Der CO₂-Ausstoss hängt dabei wesentlich vom Typ der Geothermie-Stromerzeugung ab. Beim hydrothermalen Verfahren, bei dem unterirdisches, heisses Wasser hochgepumpt wird, dürfte dieser Ausstoss deutlich höher sein als beim petrothermalen Verfahren, bei dem zuerst Wasser in die Tiefe gepresst, dort erhitzt und anschliessend wieder nach oben befördert wird. Auch gibt es geschlossene Systeme wie bei einigen Geothermie-Kraftwerken in Deutschland, wo kein CO₂ in die Atmosphäre gelangt. Solche Systeme sind aber aufwändig und entsprechend teuer.

Kaum Emissionen in der Schweiz

Mögliche Geothermie-Kraftwerke in der Schweiz würden bezüglich des CO₂-Ausstosses «sehr gut» abschneiden. Das versichert Jürg Abbühl, Generalsekretär des Branchenverbands Geothermie Schweiz. Bei Anlagen zur Stromproduktion sei der Ausstoss hundertmal kleiner als bei einem alten Kohlekraftwerk. Das liege einerseits daran, dass der CO₂-Gehalt des Thermalwassers, das in der Schweiz vorkomme, tief sei. Andererseits würden in der Schweiz geschlossene Kreisläufe gebaut.

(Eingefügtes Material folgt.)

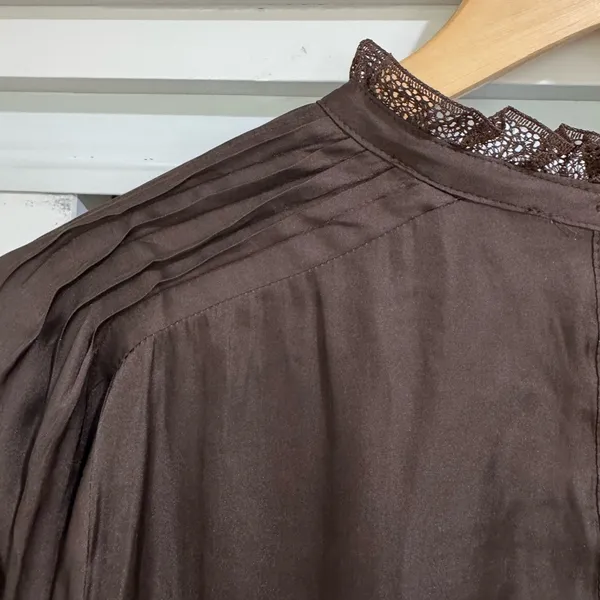 J.Crew Chocolate Brown Ruffleneck Drapey Long Sleeve Blouse - Image 7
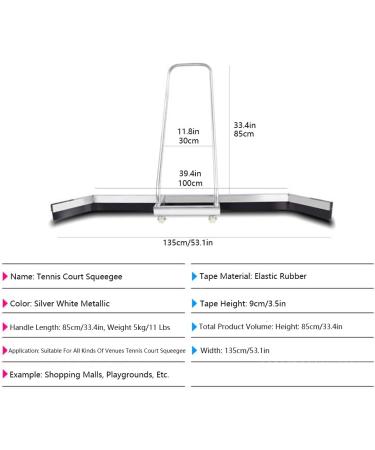 Sport Tennis Court Squeegee Stainless Steel Squeegee Sweeper Water Broom Commercial Floor Water Remover Rain Shuttle with EVA Foam Blade and Wheels Silver - Buy Online on GoSupps.com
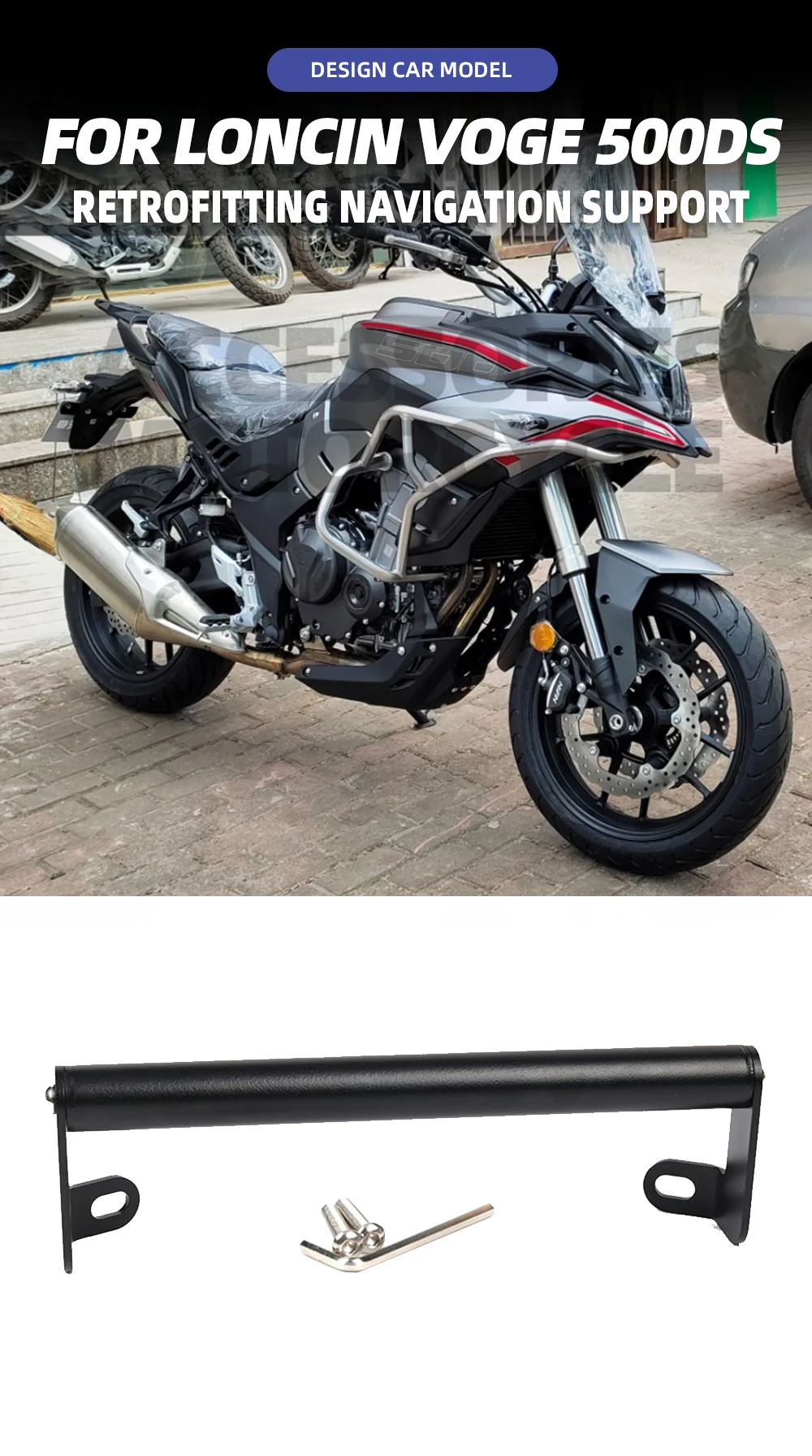 Voor VOGE 500DS 600DS 500R 500 600 DS Stuur Mobiele Telefoon Houder GPS stand beugel Motorfiets (Kleur : Handler Silver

Gemäss einer Studie des Kompetenzzentrums für Technologiefolgen-Abschätzung TA Swiss ist bei geothermischen Anlagen in der Schweiz über den ganzen Lebenszyklus mit einer Belastung von 8 bis 46 Gramm CO₂ pro Kilowattstunde zu rechnen (siehe hier). So gesehen kann diese Form der Stromerzeugung bei uns als umweltfreundlich gelten – wenn sie denn einmal läuft.